Fethi Gemuhluoğlu (1922-1977) Arapgirli bir Türkmen ailesinin oğlu olarak dünyaya gelir. Babası Mustafa Neşet Efendi, annesi Fatma Saniye Hanım’dır. Yetişmesinde, geniş bir tarih bilgisine sahip olmasında, edebiyat ve tasavvufla olan münasebetinde, gönül adamı kişiliğinde hem ailesinin hem de çevresinin büyük tesiri olur.[1]İnsan kalbinin, o kalpdeki manevî yaraların büyük bir onarım ustası[2] olan Gemuhluoğlu bu noktada binlerce yüreğe dokunarak yaralı ruhlara merhem olur. Bu, gökyüzü gönüllü adamın hayatı “kahırlı, ateş çemberiyle dolu, fakat daima imanlı ve ümitli”[3]dir. Yaşadığı döneme bir gönül ve hizmet adamı olarak damgasını vuran Fethi Gemuhluoğlu’nun toplumu bir bütün olarak ele alan hoşgörülü tutumu ve herkese sevgiyle yaklaşması etrafında aydın bir çevrenin oluşmasını sağlar.

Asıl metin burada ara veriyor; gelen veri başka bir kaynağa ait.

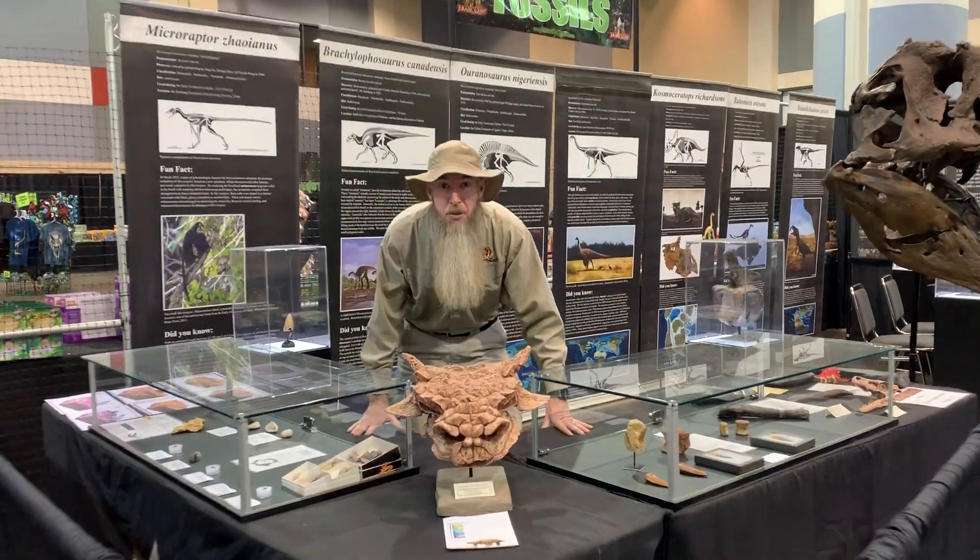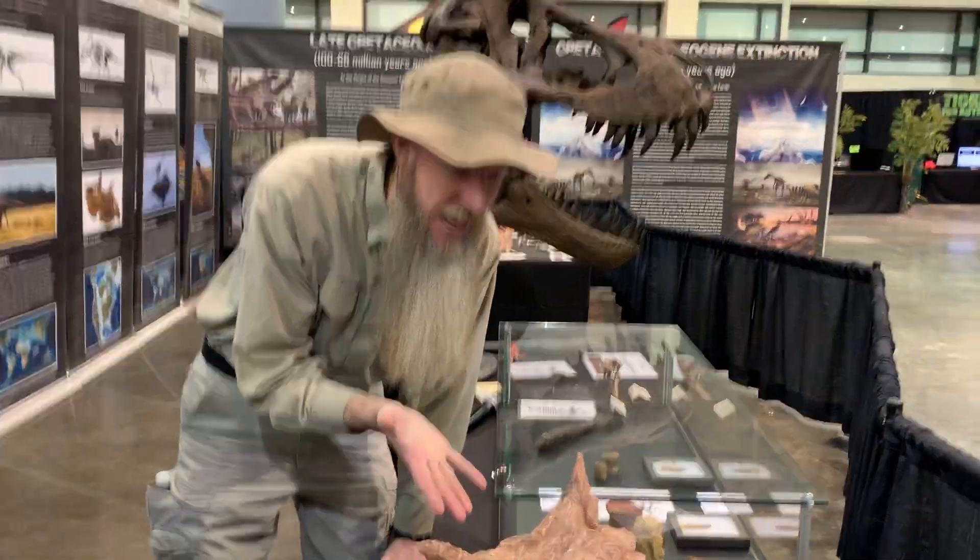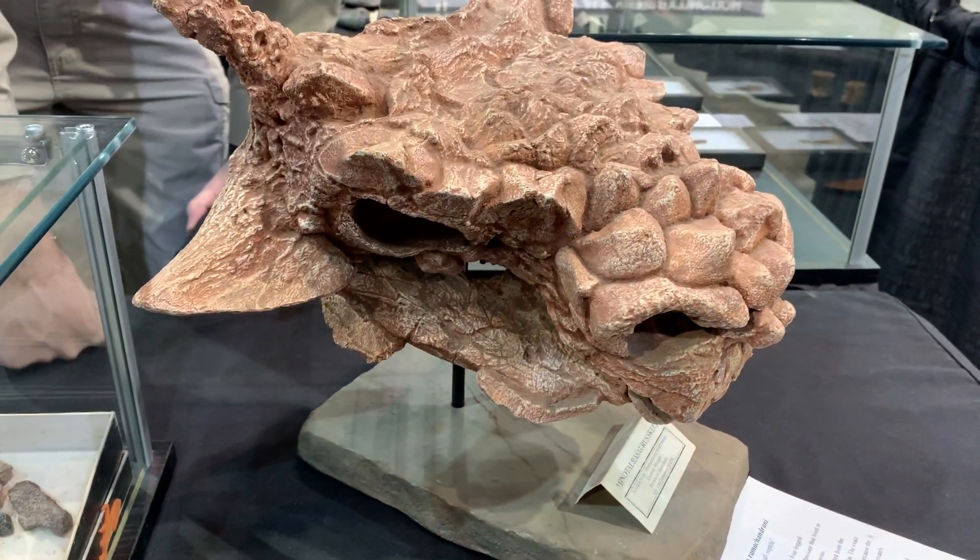Hey, it's Marty from Jurassic Quest, and it's Fossil Friday! Today we're going to take a look at this guy right here. This is Minotaurosaurus.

Gemuhluoğlu, zarif bir İstanbul Türkçesi’yle yaptığı konuşmalarında, mektup ve makalelerinde gençlere iman, aşk, emek, hürriyet, güzel ahlâk, çalışkanlık gibi değerleri aşılamaya çalışır.[4] O, hem gençlere maddî ve manevî açıdan destek olur hem de kendilerinde bilgi, zekâ, cesaret ve sanat parıltısı gördüklerini yetenekleri doğrultusunda yönlendirir. Ferdin iç dünyasının güzelliğinin insana, dünyaya, hayata ve olaylara bakışta temel rol oynadığına inanan Gemuhluoğlu, bu bağlamda insanla insan, insanla eşya ve insanla mücerret kavramlar arasındaki dostluğu çok ileri noktalara taşır. Öyleki şöhret, mal ve uyku dışında her şeyle ve herkesle dost olmak gerektiğini ısrarla vurgular.[5] Öyle ki Nuri Pakdil, Gemuhluoğlu’nu insanın birbirine yaklaşmasının simgesi olarak görür.”[6]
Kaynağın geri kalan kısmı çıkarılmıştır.